*Requirement*: Among the entries below, find every line that contains the string "Research", then copy it.

═══ Data excerpts

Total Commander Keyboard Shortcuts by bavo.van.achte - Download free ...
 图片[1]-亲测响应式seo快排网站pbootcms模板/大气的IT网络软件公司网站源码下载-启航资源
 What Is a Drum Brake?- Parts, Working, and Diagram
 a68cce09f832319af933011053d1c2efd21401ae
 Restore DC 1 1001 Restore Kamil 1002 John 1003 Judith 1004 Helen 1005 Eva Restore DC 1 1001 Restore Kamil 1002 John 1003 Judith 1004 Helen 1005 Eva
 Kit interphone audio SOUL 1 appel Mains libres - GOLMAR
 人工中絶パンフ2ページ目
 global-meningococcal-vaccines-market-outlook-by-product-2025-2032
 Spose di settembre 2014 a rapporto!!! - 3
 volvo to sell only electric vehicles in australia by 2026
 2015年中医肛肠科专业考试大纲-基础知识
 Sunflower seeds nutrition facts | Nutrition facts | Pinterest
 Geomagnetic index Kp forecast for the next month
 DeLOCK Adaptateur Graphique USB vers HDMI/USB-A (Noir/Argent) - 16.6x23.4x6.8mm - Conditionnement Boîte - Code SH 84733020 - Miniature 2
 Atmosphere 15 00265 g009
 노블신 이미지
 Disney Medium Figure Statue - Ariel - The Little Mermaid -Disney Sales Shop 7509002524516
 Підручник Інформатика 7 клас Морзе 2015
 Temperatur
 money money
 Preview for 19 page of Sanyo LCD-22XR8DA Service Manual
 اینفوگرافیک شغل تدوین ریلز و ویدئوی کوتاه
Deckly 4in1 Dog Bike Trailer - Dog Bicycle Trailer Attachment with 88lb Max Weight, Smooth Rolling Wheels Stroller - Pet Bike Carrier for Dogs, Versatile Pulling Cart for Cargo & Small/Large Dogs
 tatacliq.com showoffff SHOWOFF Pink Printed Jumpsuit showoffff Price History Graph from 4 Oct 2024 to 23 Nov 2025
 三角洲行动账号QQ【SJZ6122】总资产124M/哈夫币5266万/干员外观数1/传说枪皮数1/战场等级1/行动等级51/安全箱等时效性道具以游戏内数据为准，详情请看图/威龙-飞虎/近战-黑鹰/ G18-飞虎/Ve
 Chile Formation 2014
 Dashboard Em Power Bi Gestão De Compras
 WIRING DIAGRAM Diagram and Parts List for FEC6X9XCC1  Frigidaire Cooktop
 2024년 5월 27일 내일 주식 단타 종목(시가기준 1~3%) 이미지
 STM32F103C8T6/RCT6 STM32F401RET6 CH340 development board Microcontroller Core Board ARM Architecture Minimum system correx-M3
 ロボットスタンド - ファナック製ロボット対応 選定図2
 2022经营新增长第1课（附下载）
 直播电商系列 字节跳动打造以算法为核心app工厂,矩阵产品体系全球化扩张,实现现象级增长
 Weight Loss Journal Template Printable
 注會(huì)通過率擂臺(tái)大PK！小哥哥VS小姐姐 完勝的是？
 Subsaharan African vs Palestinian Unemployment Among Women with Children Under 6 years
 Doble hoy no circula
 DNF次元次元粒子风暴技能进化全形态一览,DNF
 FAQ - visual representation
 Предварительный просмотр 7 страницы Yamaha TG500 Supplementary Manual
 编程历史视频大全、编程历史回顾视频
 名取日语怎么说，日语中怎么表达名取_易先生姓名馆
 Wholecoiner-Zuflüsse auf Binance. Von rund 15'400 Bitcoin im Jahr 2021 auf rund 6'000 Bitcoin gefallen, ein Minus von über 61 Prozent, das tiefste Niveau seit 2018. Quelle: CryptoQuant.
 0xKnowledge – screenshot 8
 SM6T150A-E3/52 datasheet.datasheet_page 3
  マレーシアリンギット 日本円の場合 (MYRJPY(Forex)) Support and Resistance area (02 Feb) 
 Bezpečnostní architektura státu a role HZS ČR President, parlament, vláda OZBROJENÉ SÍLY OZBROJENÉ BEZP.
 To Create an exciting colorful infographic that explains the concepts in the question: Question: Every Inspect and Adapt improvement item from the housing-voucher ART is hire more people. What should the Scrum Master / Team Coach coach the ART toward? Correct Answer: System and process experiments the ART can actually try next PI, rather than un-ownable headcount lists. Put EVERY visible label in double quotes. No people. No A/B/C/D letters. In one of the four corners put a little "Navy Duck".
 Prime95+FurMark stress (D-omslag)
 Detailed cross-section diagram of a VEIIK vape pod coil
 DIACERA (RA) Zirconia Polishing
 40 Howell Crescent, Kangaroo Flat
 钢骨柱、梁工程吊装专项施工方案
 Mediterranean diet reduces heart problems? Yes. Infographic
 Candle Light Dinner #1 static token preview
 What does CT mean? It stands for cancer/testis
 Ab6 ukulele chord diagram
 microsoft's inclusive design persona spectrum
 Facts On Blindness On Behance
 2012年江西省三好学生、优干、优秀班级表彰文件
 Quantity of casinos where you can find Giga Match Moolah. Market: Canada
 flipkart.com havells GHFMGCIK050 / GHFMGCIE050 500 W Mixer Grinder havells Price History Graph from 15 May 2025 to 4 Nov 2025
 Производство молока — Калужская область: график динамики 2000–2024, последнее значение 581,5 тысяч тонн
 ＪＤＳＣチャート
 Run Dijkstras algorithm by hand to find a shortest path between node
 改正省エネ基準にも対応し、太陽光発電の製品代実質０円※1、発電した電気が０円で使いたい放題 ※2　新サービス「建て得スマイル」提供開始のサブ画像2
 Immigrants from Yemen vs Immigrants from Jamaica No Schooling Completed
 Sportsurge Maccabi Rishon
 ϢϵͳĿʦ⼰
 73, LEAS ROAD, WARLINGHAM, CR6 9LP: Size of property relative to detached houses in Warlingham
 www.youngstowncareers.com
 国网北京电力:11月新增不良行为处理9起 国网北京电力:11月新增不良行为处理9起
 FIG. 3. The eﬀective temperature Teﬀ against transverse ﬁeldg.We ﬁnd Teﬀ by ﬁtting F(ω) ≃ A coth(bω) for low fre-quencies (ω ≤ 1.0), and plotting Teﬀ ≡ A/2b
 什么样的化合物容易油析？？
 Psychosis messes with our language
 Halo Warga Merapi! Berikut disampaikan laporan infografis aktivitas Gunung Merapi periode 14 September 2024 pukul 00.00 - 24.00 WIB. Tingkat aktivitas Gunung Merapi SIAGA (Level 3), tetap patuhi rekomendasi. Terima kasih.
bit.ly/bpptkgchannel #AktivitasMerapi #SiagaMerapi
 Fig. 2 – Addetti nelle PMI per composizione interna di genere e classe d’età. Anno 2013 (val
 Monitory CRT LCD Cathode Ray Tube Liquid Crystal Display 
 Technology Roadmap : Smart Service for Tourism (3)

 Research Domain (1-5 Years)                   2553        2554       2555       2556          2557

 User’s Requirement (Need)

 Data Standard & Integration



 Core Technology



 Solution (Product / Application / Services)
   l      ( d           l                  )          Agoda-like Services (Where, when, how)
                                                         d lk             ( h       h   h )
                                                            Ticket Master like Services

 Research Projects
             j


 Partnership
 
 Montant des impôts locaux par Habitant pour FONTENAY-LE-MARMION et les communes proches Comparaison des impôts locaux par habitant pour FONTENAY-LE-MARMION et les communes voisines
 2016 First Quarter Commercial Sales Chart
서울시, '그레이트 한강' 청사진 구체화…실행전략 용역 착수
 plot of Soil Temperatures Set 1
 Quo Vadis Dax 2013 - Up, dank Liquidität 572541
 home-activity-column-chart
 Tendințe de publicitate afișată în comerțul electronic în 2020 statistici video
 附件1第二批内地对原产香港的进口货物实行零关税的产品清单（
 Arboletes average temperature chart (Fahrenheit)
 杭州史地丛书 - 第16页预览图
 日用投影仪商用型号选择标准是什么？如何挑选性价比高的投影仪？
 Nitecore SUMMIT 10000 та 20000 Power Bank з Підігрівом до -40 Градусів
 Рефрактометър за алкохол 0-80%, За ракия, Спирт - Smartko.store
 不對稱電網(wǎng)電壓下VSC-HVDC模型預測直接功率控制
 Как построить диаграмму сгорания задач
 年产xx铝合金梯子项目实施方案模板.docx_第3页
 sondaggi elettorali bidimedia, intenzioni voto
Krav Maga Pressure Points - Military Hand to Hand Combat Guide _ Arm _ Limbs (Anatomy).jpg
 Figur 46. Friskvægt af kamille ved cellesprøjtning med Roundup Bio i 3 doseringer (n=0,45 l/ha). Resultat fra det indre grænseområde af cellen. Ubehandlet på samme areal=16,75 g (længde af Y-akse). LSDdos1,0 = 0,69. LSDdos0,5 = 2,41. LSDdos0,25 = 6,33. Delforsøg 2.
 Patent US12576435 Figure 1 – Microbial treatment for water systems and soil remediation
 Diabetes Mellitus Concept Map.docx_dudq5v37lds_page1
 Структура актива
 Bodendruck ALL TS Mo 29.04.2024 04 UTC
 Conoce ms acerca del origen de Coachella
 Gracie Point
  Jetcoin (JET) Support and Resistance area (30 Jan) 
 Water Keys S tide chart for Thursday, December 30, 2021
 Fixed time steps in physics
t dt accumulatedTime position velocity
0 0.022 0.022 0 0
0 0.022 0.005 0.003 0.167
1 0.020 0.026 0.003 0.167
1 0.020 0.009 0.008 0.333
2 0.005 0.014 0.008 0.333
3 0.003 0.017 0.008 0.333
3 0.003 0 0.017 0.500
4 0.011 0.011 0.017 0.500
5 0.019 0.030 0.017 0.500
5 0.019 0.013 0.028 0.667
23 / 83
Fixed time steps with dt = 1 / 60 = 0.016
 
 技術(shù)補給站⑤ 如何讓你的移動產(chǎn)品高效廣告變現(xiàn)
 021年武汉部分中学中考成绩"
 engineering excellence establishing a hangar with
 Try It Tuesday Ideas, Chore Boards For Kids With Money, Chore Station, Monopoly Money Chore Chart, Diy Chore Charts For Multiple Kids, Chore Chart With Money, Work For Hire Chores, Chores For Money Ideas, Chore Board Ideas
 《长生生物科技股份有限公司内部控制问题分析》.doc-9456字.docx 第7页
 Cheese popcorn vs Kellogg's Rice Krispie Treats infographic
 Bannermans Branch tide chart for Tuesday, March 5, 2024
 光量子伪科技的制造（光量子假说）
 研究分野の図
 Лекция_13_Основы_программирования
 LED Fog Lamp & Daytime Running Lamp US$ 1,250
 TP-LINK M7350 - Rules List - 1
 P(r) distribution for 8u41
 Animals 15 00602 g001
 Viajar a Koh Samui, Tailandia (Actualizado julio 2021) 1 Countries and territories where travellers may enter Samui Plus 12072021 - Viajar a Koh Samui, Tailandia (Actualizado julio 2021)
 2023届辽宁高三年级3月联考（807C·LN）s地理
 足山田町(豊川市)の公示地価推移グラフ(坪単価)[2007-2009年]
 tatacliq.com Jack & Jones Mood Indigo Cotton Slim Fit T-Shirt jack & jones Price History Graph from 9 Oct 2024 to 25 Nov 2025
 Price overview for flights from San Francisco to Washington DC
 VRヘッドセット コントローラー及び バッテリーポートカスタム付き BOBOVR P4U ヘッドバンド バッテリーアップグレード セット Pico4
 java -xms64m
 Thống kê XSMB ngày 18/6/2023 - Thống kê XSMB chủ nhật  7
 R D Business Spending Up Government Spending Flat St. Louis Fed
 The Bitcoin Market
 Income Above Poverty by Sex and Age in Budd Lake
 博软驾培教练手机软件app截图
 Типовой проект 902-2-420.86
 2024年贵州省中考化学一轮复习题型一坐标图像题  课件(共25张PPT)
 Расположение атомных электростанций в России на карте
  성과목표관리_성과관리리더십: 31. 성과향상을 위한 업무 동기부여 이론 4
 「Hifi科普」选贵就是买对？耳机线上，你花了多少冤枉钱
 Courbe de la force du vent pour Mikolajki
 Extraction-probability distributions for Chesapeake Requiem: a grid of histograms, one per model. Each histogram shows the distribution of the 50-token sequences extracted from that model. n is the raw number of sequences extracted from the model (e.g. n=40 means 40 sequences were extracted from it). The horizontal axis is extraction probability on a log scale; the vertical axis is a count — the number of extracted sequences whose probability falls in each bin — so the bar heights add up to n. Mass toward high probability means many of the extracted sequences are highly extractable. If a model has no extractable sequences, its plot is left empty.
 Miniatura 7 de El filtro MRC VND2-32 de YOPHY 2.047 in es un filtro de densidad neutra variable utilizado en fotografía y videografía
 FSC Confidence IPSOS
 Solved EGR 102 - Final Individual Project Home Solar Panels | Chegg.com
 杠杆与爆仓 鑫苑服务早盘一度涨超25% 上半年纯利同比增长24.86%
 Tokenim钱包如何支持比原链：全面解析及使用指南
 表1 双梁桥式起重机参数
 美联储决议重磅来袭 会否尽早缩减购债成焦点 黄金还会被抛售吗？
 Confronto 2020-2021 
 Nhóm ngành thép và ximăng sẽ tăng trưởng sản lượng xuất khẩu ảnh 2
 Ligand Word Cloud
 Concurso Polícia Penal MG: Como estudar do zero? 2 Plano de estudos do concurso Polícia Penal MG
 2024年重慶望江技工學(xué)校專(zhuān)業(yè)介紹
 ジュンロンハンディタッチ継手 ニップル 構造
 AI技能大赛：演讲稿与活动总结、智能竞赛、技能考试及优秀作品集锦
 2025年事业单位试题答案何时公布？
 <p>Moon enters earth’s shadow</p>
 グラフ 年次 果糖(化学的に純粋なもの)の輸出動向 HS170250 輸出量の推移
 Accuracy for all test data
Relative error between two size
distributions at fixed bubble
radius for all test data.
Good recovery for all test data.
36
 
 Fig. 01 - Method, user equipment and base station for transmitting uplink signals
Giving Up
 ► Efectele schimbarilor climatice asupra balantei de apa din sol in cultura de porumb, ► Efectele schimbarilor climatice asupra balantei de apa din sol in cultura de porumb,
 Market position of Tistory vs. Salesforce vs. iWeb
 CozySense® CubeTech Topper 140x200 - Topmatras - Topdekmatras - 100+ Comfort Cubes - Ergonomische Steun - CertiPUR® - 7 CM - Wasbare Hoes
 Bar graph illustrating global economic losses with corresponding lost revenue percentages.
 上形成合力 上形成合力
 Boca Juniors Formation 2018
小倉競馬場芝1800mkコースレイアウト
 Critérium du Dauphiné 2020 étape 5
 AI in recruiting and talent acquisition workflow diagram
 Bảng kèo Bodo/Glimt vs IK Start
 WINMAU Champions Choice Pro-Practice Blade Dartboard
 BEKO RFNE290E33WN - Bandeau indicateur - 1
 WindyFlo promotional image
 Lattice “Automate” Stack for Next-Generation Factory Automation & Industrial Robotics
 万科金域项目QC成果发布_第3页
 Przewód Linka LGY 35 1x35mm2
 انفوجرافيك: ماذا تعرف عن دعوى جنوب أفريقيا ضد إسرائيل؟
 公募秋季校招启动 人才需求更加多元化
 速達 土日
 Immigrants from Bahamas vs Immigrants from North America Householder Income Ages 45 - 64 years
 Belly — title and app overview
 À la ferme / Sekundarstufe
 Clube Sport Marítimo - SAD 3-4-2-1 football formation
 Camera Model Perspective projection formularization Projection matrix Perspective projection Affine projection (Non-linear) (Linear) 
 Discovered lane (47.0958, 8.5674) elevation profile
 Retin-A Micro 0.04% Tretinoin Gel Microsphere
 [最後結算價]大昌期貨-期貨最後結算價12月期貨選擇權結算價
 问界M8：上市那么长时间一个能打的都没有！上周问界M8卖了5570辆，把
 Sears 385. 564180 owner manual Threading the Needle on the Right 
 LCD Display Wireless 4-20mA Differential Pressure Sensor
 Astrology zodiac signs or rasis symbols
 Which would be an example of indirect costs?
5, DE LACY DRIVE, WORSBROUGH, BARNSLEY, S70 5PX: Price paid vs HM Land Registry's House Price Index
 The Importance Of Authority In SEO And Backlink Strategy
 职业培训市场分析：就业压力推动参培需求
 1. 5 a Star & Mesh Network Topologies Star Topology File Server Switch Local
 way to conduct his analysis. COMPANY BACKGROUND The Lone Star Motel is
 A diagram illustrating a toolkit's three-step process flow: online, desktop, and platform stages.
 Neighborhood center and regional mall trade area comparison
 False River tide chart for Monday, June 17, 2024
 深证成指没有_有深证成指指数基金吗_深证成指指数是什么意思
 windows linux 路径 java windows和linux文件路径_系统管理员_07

══════

*Output of the exercise*:
 Research Domain (1-5 Years)                   2553        2554       2555       2556          2557
 Research Projects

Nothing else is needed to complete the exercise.